Billy Bishop Goes to War

3
Reviewer's rating

Once again Jermyn Street Theatre, with their tiny basement auditorium in central London, has found a fascinating curiosity of a play/musical to put on. It’s chosen presumably because it tells a story that illuminates a little-known aspect of the Great War as we reach the centenary of the armistice that ended the hostilities. Its format is more a play with songs than a musical but the fine performances of the two actors – especially in delivering the tuneful ditties that provide a series of pithy comments about the story that is being told – are an indispensable part of the whole drama.

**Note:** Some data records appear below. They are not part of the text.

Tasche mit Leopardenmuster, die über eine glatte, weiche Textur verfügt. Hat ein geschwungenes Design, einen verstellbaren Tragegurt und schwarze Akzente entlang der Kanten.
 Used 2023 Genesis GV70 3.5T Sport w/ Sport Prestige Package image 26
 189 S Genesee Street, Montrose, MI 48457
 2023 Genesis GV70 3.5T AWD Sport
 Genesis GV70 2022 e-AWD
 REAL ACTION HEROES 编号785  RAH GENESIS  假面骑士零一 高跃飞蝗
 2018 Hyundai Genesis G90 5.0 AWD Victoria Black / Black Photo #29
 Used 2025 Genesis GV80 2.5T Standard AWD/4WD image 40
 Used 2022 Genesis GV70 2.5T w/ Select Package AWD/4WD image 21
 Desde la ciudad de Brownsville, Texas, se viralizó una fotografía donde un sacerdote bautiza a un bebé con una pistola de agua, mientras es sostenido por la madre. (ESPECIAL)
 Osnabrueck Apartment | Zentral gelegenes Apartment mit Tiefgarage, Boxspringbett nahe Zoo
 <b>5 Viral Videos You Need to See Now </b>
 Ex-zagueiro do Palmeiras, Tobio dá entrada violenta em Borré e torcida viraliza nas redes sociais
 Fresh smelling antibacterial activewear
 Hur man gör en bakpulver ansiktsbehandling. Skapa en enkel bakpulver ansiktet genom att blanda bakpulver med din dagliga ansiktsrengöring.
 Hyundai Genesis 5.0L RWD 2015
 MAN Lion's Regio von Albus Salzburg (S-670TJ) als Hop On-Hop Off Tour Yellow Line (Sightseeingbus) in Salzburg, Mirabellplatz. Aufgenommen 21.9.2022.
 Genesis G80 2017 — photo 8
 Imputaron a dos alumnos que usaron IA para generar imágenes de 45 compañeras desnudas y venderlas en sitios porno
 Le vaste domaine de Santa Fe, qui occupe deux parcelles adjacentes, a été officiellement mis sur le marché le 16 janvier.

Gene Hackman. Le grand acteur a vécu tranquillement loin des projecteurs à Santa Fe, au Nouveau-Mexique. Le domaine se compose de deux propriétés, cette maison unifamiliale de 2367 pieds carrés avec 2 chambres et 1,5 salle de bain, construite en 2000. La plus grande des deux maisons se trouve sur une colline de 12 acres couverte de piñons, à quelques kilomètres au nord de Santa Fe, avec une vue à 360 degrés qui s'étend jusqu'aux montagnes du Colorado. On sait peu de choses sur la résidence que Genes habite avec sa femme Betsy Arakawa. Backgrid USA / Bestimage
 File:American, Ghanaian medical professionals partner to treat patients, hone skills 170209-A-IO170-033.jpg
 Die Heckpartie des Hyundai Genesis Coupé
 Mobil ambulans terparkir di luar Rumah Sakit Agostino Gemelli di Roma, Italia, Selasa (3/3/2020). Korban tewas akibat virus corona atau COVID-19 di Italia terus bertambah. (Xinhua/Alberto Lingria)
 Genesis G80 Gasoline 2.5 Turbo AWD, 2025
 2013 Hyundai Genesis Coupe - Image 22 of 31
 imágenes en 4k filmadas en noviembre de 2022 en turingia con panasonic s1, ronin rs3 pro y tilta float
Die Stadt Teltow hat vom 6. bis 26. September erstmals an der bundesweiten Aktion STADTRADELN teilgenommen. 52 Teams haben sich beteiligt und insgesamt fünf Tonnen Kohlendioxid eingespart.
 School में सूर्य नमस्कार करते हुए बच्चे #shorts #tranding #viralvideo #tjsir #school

Billy Bishop is a bit of a ne’er-do-well from Owen Sound in Ontario and arrives in the UK as a somewhat reluctant part of the Canadian contribution to the war effort. He transfers from the cavalry to the Royal Flying Corps as an observer and then, with a bit of somewhat inexplicable help from Lady St Helier, he gets taken on as a pilot. Much to his own surprise, and the surprise of his superior officers, he becomes a very successful fighter pilot. He battles with the English high command who don’t value a ‘colonial’ flyer very highly but he ends up with more ‘kills’ than any other RFC or RAF pilot. He returns to Canada as a hero.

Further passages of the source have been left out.